La dieta indiana è molto varia e prevalentemente vegetariana: per questo sono parecchie le famiglie che osservano una dieta rigorosamente vegetariana e quindi anche gli studenti ospitati devono essere disponibili a non consumare carne e pesce in casa, dunque è facile trovare famiglie che ospitino ragazzi vegetariani. Non è possibile invece ospitare ragazzi intolleranti al lattosio o che non mangiano prodotti lattieri, poiché il latte e i suoi derivati sono alla base dell’alimentazione indiana. I teenagers indiani, diversamente da quelli occidentali, non sono soliti fare tardi la sera e questo vale soprattutto per le ragazze, verso le quali si tende ad essere più protettivi. Nella cultura indiana il fumo e il consumo di alcolici non sono assolutamente accettati, né per gli adulti, né tantomeno per gli adolescenti, in particolare se ragazze.
Popolazione
1.173.108.018 ab. (2010)
È il 2° paese al mondo per numero di abitanti. Densità di 349 abitanti per km².
Clima
Data la vastità del territorio, è difficile definire “un clima” per l’India. Domina il clima tropicale monsonico caratteristico delle savane. Le estati sono torride e gli inverni miti e asciutti poiché le montagne offrono uno scudo protettivo ai venti freddi del nord. Si possono in generale distinguere due stagioni, una piovosa e una secca.
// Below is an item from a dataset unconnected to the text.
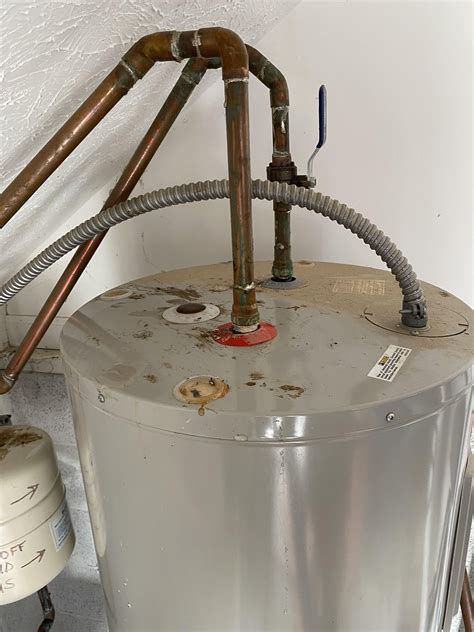 Water heater leak on top : r/Plumbing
La stagione in cui si concentrano le piogge, generalmente tra giugno e novembre, è caratterizzata dal monsone di sud-ovest, un vento carico di umidità proveniente dall'Oceano Indiano. La sua assenza può essere causa di forti siccità. La stagione fredda del monsone di nord-est, dall'inizio di dicembre all'inizio di marzo, è solitamente caratterizzata da un clima estremamente asciutto, nonostante si verifichino talvolta violenti temporali sulle pianure settentrionali e abbondanti nevicate sull'Himalaya.
Religione
Gli induisti rappresentano la netta maggioranza con l'82% della popolazione. Assai numerosi anche i musulmani, 13%, (soprattutto al confine col Pakistan), i cristiani sono il 3% (prevalentemente nelle ex colonie portoghesi e nel Kerala), poco meno i sikh, 2%, e i buddhisti, 1%.
Lingua
Le lingue ufficiali sono l'hindi e l'inglese, cui si aggiungono altre 21 lingue locali.